How to access and use a satellite-derived GHG Level 2 data product using XCO2_EMMA as an example?

How to access and use a satellite-derived GHG Level 2 data product using XCO2_EMMA as an example?#

Introduction#

This is a Jupyter Notebook (JN) illustrating how to access and use a satellite-derived Greenhouse Gas (GHG) atmospheric carbon dioxide (CO2) Level 2 data product as generated via the Copernicus Climate Change Service (C3S) and made available via the Copernicus Climate Data Store CDS.

Here we illustrate the use of a GHG Level 2 (L2) product using product XCO2_EMMA as an example. A CO2 L2 data product contains CO2 information for individual satellite ground pixels (also called footprints or soundings). XCO2 is the column-averaged dry-air mole fraction of atmospheric CO2 in parts per million (ppm). EMMA is the name of the multi-satellite XCO2 (and XCH4) merging algorithm developed to generate product XCO2_EMMA using as input individual Level 2 XCO2 products from different satellite sensors (here: SCIAMACHY/ENVISAT, GOSAT, GOSAT-2 and OCO-2; see, e.g., Reuter et al., 2020).

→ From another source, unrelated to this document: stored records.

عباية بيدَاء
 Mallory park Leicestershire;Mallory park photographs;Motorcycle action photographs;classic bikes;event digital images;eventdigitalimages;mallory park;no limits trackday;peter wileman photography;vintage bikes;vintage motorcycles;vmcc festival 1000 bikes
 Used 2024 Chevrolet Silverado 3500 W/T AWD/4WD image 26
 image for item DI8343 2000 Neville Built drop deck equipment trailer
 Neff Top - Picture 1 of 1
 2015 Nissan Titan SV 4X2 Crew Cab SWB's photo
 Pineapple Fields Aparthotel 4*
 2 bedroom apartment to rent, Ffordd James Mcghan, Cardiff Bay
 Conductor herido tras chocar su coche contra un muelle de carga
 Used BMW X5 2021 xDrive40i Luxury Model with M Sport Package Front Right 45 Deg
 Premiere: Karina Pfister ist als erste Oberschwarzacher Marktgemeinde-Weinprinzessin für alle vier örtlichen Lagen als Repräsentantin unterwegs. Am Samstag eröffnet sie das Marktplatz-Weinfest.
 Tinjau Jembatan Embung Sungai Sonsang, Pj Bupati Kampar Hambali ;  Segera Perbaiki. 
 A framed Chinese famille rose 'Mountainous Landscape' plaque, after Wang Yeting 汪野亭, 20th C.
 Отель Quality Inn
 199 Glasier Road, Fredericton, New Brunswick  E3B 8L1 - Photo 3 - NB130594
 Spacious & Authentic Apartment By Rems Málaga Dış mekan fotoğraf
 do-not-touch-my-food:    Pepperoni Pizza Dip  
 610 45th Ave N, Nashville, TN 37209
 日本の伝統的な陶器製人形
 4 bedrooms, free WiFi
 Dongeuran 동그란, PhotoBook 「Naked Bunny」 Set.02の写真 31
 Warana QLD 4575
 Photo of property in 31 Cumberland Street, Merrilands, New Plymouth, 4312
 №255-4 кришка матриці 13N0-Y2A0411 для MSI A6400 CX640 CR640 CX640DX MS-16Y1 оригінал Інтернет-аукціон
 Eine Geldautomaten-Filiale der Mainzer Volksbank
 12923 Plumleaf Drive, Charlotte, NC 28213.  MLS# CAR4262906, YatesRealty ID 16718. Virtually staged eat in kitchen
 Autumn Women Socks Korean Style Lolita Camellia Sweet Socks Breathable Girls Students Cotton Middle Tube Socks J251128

Within C3S also other L2 products are generated and made available via the CDS. These products are (i) XCO2 from individual satellite sensors, (ii) XCH4 products, where XCH4 is the column-averaged dry-air mole fraction of CH4 in parts per billion (ppb), and (iii) mid tropospheric CO2 and CH4 mixing ratio products. Detailed information on all these products is available via the CDS. In addition to L2 products, also Level 3 (L3) products are available. A L3 product is based on a corresponding L2 product. A L3 product is obtained by spatio-temporally averaging a corresponding L2 product. How to access and use a L3 GHG product is shown in a separate Jupyter Notebook.

For this JN we use XCO2_EMMA version 4.4, which covers the period 2003 - 2021.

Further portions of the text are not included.